Uiteindelijk kwam ik op het speciaal onderwijs bij mijn broer terecht. Omdat ik groep 5 moest overdoen omdat ik ‘bij kinderen van mijn leeftijd hoorde’ (die doorgaans een of twee jaar lager zaten), ging ik in eerste instatie in protest. Op mijn vorige school was ik net over naar groep 6 gegaan en leeftijd als reden vond ik onrechtvaardig. Het langzaam zijn was uiteindelijk helemaal geen probleem meer en hierdoor kwam Snelle Jelle wat meer tot haar recht, wat weer een verkeerd ingeschat beeld gaf na de CITO. Ik ging naar het gewone VMBO-kader. Ik bloeide daar (speciaal onderwijs) ook wat meer op, ondanks alle problemen die ik ervaarde met mijn autisme. En met allerlei bijzondere kinderen bij elkaar, was er ook geregeld ruzie.

Onvoldoendes

Als het op schrijven met de hand aankomt, denk ik sneller dan ik netjes kan schrijven. Het uitvoeren ervan gaat heel langzaam, als ik niet gewoon slordig schrijf. Op de middelbare, en ook op het mbo, kreeg ik nogal eens een onvoldoende voor een toets, nadat er een opmerking was over mijn handschrift en dat ik die moest verbeteren (hoi juf van groep 5!). Ik moest het dus netjes doen, maar dat kostte mij zoveel tijd dat ik mijn toetsen niet afkreeg. In het vervolg ging ik dus gewoon weer slordig schrijven, want dan kreeg ik wel gewoon een goed cijfer (op het middelbare gold dat voor de vakken en onderdelen waar ik [redelijk] goed in was). Sowieso hadden de docenten het er daarna niet meer over, dus die zouden het stilletjes wel begrepen hebben. Ik vond het sowieso onzin, want ze konden het gewoon lezen.

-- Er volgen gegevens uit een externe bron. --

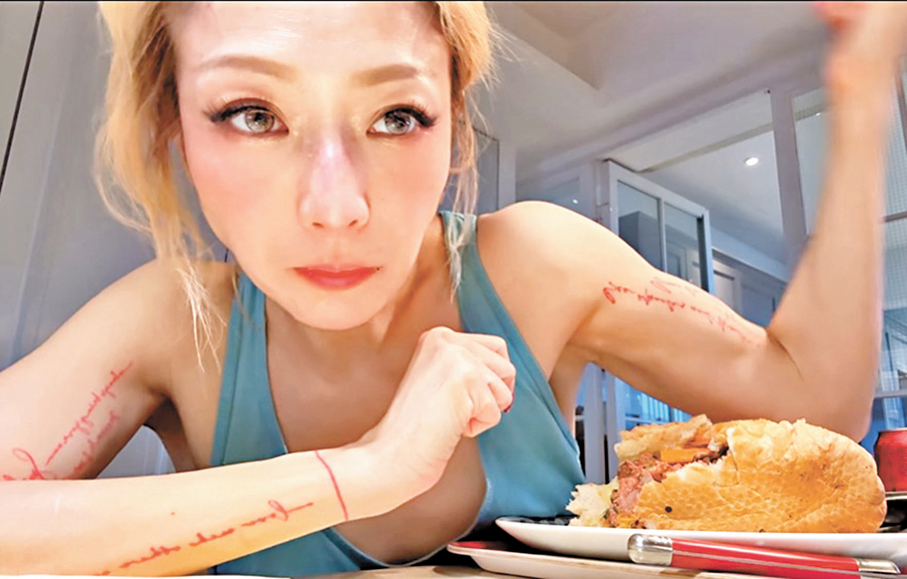 鄭秀文認為要均衡汲取蛋白質、脂肪、碳水化合物和纖維。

Op het mbo maakte ik de bijdehante opmerking dat het tegenwoordig toch allemaal computerwerk is, dus waarom is mijn handschrift zo’n punt?

Slome duikelaar

Door dat ik langzaam en autistisch (dit noem ik dubbelop doordat mijn verwerking natuurlijk extra langzaam is) ben, kan ik dus ook vaak traag van begrip overkomen. Mensen verwarren dit met dom, stom, sloom en andere negativiteit (er is niets mis met mensen die [wat] trager zijn). Een slome duikelaar dus. Hoewel ik door mijn autisme wel sociaal naïef kan zijn. Betekent dit niet dat ik helemaal niets door heb of begrijp. Mijn verwerkingssnelheid zegt daar namelijk helemaal niets over, net zomin zegt het wat over mijn leervermogen. Meermaals zijn de mensen die mij tot het mikpunt maken er dan ook pijnlijk Spreuken 16:18 NBV21 achter gekomen, dat ze me verkeerd hadden ingeschat. En me verkeerd bleven inschatten (tja…). Soms werd dit langzame geïnterpreteerd als sub-assertief zijn.

Een woordje klaar hebben

Drie jaar geleden wist ik vaak nog niet wat te zeggen. Ik kon dat op dat moment gewoon niet bedenken. Begreep niet waar er op gedoeld werd, of had ik het niet door (wat het vaakst voorkwam). Vandaag de dag ben ik behoorlijk ad rem voor mijn doen. Natuurlijk zijn er situaties waarin je beter gewoon je mond kan houden. Dit heb ik in andere situaties net zo goed moeten leren, zo niet nog meer dan wel wat zeggen. Ik had altijd honger, ik hapte in bepaalde situaties nogal graag. Toch heb ik steeds vaker mijn woordje klaar en geef ik, afhankelijk van de situatie, kalm en bedeesd een weerwoord. Of ik geef deze lacherig alsof het allemaal ontzettend grappig is.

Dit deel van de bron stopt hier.